Budayıcıoğlu'nun öyküsünden uyarlanan Doğduğun Ev Kaderindir var bir de. Tolstoy’un Anna Karenina romanı “Bütün mutlu aileler birbirine benzer; her mutsuz aileninse kendine özgü bir mutsuzluğu vardır” cümlesiyle başlar... Doğduğun Ev Kaderindir'deki ailenin mutsuzluğu da ne gerçek hayatta ne de dizilerde görmeye alışık olmadığımız özgünlükte. Takipçisi olmasam da diziye hakimim ve bu tümden gerçek bir hikayeyse şayet, Zeynep'e yazık ki ne yazık... O nasıl sabırdır, o nasıl anlayıştır, o nasıl kendini hiçe sayıştır...

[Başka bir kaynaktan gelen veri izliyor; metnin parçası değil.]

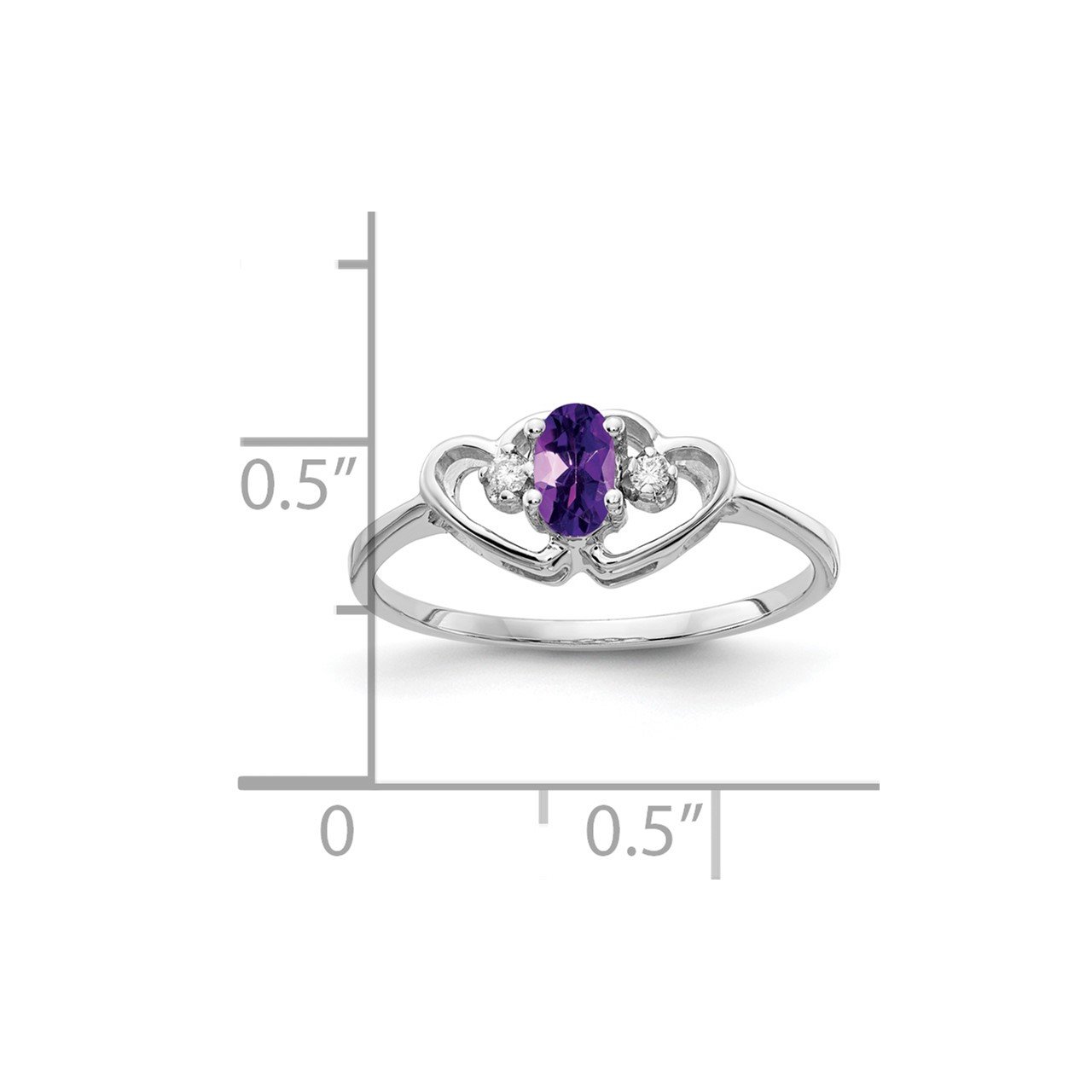 14k White Gold 5x3mm Oval Amethyst AA Diamond ring-1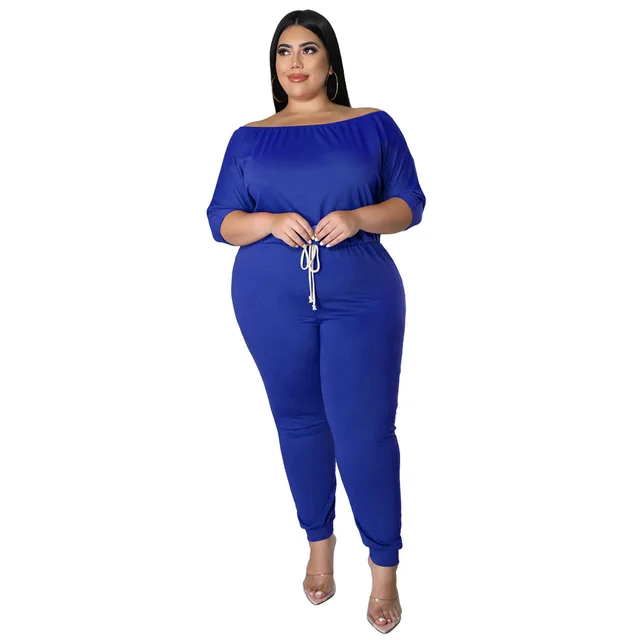 Women's Solid Colored Sports Jumpsuit With Drawstring, High Waist, And Slimming Design Blue - Shop at LoveMi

Böyledir hayat, böyledir ilişkiler. Alma-verme dengesini oturtabilmek kolaydır veya zordur ama biri vermeye tümden gönüllü olunca kayar gider ayağının altından zemin. Bu sevilip sevilmeme meselesi de değildir. Aragon'un "ve kırar göğsüne bastırırken sevdiği şeyi..." dizesinin içinde saklıdır bazı aşk tanımları, tıpkı Mehdi'nin aşkı gibi...

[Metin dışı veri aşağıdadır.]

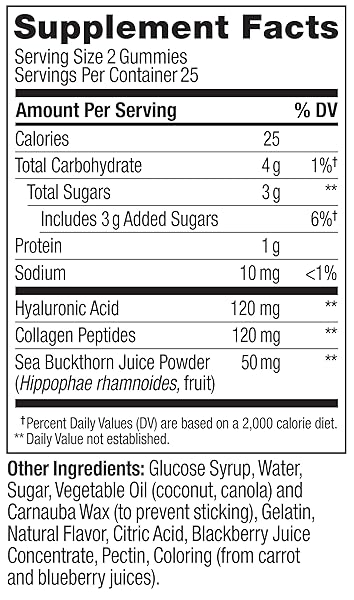 OLLY GLOWING SKIN COLLAGEN GUMMY, HYDRATED, YOUTHFUL SKIN, HYALURONIC ACID, SEA BUCKTHORN, CHEWABLE SUPPLEMENT, BERRY, 25 DAY SUPPLY – 50 COUNT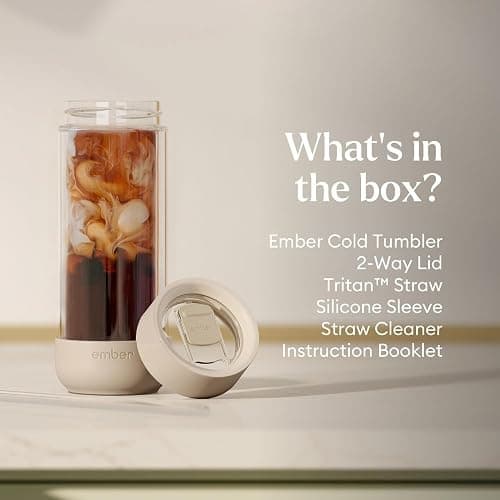 Ember Cold Tumbler 16 oz – Insulated Glass Iced Coffee Cup with Straw & Spill-Proof Lid, Keeps Drinks Cold, Eliminates Condensation, Modern Double-Wall Design, Sandstone thumbnail 9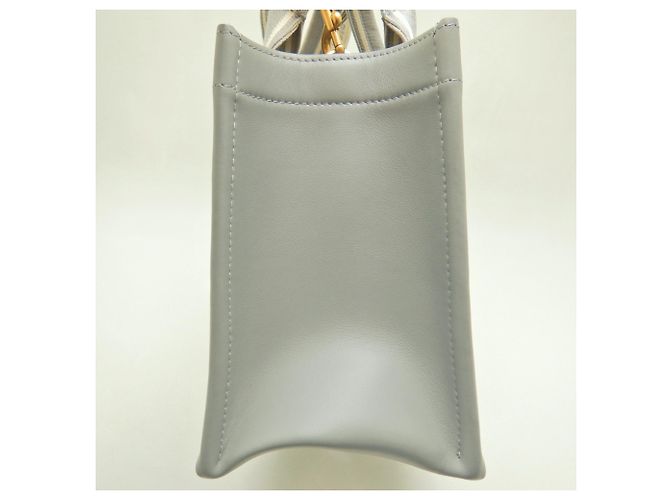 Christian Dior Tote Bag aus grauem Kalbsleder Braun - Ansicht 7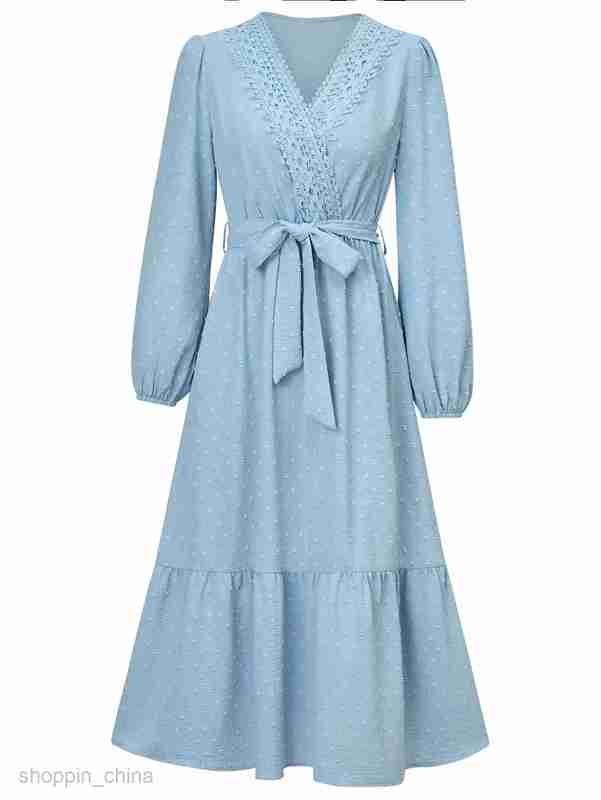 Basic Casual Women Dresses Autumn/Winter Women's New Fashion Solid Color V-neck Lace Waist Tie Dress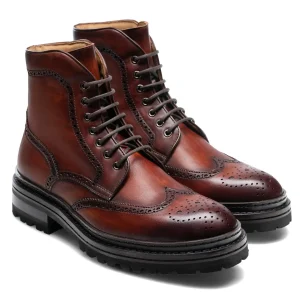 Height Increasing Tan Leather Travise Chunky Derby Boots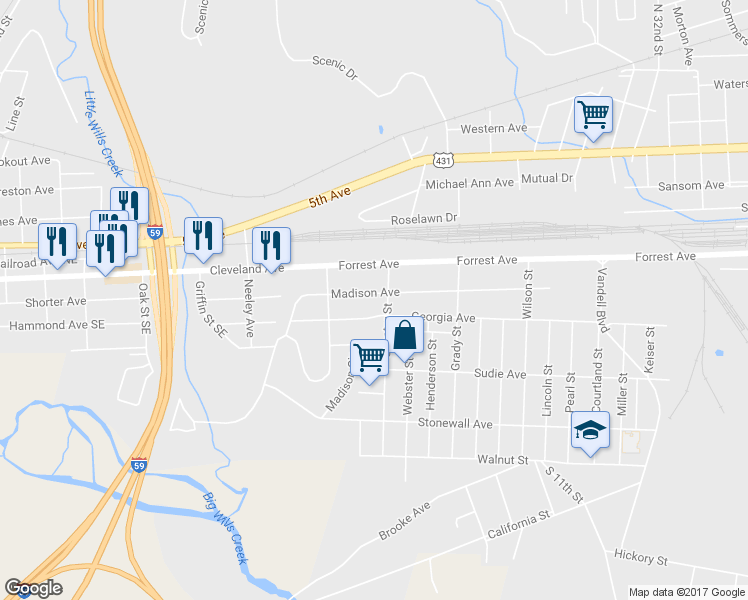 map of restaurants, bars, coffee shops, grocery stores, and more near 3504 Madison Avenue in Gadsden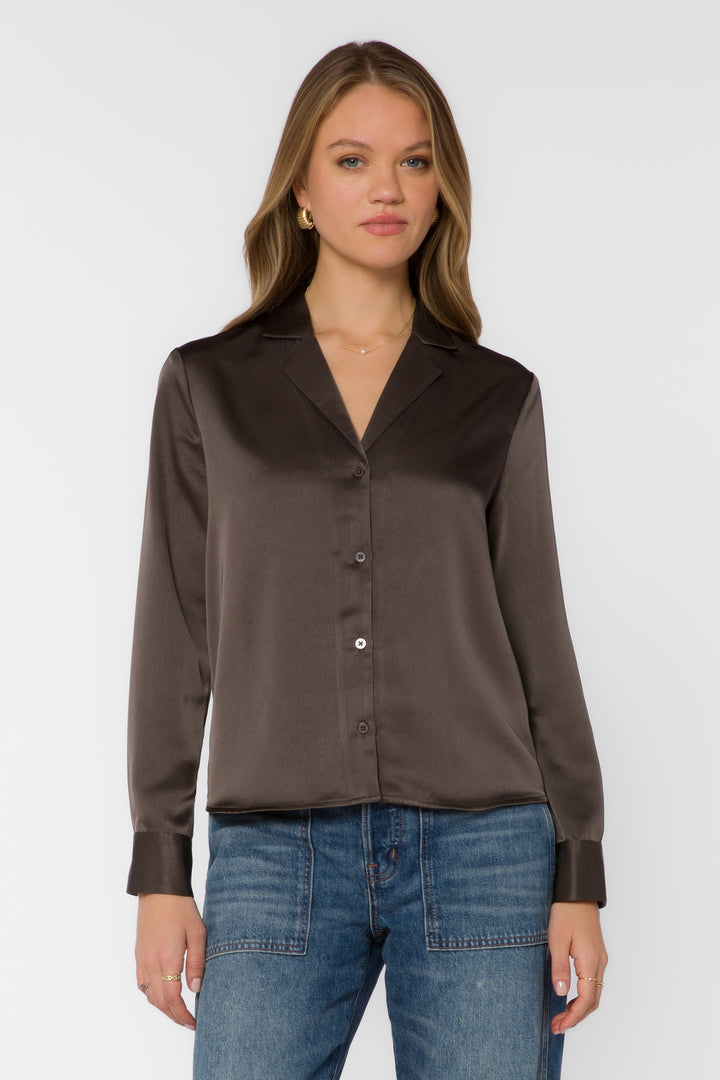 Kensley Bronze Satin Blouse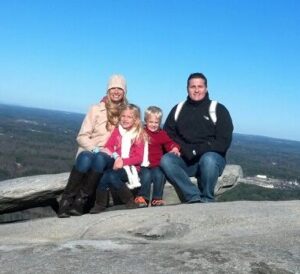 Ava Fowler remains active despite her seizures. Here she's pictured with her family (l-r): Her mom Sarabeth, her brother Carter and dad Brian.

Doğduğumuz ev kaderimiz midir? Biraz öyledir... *"Ev, insanın geleceğinin beşiğidir" der bir şair... Bir başkası, kaderine doğru yükselen bir evin harcını çeker şiirinde. Tıpkı hayatımız gibi.
"Harç Çeken İşçiler"de yıldızlar çekildi eve, dallar, ağaçlıklı yol. Aşk çekildi, sevişmeler var içinde. O iki kapı arası çekilirken kim bilirdi yaz başlangıcı bir kızın oracıkta öleceğini? Ölüm gibi çiçekleri de çektiler, yalnızlıklar da olacaktı bu evde, öpüşler de. Tartışmalar da, sevinçler de. Yaşlısı, genci de olacaktı. Durmadan kaynayan çaydanlık da çekildi eve, daha sonra öldürecek hastalık da, umut da, umutsuzluk da. Tıpkı hayatlarımıza çekilen harç gibi. Tıpkı evlerimize, içimizdeki evlere çekilen harç gibi çekildi bu eve de hepsi.
“Orasını çekiyorlardı işte, tam orasını” diyor şair, “çay soğumasın, bu reçeli seversin sen” işte şiirin tam orası, işçilerin hayatımıza harcını çekmelerini istediğimiz evin direği belki de...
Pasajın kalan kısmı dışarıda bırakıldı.